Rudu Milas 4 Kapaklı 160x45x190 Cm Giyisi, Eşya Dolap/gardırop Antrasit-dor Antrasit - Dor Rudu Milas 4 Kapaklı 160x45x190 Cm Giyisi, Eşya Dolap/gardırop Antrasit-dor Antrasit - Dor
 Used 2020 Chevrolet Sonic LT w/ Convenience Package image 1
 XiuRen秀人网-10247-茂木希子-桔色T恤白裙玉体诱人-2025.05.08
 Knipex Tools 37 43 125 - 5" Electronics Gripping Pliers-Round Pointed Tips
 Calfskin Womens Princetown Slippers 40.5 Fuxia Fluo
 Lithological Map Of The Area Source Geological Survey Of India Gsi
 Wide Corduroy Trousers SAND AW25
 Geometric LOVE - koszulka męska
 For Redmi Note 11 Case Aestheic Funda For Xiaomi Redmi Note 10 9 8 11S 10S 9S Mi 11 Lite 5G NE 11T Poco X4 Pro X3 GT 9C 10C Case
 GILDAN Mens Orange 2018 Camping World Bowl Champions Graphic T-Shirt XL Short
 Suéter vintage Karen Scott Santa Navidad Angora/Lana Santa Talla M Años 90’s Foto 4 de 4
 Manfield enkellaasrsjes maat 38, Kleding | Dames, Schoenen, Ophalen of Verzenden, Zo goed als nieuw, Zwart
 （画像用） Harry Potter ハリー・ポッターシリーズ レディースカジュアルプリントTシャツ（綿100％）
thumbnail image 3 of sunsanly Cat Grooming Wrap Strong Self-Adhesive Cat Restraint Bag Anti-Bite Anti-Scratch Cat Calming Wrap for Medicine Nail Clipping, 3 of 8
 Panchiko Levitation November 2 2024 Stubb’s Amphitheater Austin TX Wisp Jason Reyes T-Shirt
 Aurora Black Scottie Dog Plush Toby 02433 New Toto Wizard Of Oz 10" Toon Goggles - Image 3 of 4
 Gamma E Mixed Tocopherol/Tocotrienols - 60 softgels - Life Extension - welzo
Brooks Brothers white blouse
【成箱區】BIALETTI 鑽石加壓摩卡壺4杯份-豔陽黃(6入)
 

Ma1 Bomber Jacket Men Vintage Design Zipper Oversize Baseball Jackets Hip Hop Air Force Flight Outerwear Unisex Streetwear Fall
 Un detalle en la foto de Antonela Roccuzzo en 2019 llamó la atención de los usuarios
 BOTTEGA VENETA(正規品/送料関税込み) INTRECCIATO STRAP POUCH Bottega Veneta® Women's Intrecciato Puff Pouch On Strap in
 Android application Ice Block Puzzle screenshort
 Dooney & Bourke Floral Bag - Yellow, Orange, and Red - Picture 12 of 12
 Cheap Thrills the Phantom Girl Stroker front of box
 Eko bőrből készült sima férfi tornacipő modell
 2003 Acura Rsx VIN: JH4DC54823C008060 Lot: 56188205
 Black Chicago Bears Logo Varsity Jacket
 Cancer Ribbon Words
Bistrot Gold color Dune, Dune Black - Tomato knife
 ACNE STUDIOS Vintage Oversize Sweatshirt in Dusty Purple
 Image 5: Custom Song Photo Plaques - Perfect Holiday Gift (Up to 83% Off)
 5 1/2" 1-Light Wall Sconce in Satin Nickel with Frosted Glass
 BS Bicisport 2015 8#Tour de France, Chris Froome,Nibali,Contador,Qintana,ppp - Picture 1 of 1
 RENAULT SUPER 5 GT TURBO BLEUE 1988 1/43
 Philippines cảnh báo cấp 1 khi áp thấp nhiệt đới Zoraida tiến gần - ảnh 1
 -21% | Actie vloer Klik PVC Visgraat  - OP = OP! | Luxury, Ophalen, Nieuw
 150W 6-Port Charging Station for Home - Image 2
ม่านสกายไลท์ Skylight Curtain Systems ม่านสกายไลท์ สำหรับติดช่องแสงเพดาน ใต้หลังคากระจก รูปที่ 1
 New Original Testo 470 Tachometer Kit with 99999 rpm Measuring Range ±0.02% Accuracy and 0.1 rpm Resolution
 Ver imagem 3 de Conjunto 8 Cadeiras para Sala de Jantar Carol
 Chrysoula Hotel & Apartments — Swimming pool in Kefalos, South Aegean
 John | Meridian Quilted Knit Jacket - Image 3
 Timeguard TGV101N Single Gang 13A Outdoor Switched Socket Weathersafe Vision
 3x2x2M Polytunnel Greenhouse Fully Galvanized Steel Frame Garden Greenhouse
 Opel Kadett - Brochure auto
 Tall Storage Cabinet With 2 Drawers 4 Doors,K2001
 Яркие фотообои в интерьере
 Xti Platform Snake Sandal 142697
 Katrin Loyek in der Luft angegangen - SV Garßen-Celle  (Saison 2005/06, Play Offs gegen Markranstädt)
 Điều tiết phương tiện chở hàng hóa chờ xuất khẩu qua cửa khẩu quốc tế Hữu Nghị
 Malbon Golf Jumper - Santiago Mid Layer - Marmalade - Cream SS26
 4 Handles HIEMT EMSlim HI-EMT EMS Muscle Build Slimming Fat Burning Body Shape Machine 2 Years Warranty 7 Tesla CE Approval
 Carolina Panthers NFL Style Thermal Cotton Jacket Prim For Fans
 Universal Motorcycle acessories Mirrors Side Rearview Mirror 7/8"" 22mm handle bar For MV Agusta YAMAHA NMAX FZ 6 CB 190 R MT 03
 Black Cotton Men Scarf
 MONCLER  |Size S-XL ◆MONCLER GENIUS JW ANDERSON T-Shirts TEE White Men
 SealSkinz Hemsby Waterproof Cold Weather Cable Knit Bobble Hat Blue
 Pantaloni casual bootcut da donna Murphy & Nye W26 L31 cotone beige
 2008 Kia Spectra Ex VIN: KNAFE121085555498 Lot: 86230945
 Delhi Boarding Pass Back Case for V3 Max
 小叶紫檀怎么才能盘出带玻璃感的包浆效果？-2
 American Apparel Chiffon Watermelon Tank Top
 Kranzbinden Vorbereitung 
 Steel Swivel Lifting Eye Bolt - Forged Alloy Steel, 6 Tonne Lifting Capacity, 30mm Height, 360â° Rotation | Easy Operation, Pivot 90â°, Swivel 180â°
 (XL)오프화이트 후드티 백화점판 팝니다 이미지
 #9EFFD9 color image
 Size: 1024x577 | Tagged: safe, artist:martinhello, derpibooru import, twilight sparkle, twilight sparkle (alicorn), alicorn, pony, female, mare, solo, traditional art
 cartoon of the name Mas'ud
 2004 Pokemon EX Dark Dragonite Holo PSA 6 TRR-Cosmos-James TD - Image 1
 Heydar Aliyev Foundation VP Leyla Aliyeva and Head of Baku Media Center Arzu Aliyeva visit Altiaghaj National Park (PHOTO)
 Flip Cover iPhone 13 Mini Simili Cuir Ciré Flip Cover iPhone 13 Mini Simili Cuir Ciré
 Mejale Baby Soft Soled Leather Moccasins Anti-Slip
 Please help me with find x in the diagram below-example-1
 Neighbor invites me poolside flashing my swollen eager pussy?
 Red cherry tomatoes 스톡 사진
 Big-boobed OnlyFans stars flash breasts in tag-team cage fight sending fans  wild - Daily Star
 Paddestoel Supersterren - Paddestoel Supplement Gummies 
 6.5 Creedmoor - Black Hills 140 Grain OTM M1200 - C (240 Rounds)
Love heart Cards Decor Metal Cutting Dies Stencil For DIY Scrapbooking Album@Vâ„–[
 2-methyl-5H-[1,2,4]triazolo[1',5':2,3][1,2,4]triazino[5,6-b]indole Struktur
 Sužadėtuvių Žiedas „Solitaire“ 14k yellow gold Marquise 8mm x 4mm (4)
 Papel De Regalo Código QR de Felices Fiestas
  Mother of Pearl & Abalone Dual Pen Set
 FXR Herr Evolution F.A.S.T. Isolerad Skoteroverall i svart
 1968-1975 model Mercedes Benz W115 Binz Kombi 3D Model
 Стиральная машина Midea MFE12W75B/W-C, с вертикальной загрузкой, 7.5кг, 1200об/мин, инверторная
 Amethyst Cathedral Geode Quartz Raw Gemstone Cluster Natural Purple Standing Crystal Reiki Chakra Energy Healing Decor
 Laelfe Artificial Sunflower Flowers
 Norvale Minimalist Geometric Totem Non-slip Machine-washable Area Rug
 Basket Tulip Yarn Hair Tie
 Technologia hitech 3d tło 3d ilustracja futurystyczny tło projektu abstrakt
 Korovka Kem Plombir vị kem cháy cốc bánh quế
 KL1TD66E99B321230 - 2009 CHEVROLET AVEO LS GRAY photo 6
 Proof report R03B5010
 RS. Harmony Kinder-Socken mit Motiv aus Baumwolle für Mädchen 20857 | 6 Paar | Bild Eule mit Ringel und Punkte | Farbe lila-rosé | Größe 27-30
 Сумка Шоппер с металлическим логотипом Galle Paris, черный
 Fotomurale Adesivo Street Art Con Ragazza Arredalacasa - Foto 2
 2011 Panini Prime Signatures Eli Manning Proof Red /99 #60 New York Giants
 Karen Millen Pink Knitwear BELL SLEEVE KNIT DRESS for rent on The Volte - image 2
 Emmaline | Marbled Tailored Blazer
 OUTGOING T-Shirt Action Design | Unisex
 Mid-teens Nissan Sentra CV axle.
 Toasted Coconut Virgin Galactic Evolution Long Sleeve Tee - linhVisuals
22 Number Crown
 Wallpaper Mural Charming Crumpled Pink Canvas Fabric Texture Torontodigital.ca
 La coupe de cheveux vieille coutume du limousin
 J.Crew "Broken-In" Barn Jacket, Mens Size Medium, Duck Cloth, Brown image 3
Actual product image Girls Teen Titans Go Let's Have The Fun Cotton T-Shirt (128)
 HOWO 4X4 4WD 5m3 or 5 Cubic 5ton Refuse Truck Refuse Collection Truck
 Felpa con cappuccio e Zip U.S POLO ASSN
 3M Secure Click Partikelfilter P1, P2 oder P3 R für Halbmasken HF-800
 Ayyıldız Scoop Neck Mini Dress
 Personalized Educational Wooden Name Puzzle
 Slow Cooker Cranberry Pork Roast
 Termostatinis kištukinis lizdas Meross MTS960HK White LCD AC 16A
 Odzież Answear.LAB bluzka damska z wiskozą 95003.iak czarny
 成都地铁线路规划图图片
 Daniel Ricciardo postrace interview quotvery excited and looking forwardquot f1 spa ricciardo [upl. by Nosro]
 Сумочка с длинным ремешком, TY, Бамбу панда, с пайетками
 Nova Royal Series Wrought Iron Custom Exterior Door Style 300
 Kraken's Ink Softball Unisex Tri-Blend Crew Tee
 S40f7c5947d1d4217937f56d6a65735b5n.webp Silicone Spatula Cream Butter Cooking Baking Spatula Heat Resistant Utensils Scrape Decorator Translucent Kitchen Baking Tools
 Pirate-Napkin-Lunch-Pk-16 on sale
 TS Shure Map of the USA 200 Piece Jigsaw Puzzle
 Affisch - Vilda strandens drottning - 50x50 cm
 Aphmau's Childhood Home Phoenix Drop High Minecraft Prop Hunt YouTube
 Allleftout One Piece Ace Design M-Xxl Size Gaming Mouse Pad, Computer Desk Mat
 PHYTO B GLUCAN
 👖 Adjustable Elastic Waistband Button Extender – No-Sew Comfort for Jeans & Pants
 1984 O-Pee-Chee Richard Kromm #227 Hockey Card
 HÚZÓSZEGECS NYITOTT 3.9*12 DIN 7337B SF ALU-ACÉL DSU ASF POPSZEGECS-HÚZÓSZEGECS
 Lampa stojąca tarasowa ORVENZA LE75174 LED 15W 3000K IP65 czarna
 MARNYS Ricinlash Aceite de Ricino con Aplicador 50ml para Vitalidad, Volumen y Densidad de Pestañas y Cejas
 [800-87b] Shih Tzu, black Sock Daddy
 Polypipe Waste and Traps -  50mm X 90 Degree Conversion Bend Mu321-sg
-------------------------
Exercise objective: Look through the entries for lines containing the word "Piece" and return each one.

Problem solution:
 TS Shure Map of the USA 200 Piece Jigsaw Puzzle
 Allleftout One Piece Ace Design M-Xxl Size Gaming Mouse Pad, Computer Desk Mat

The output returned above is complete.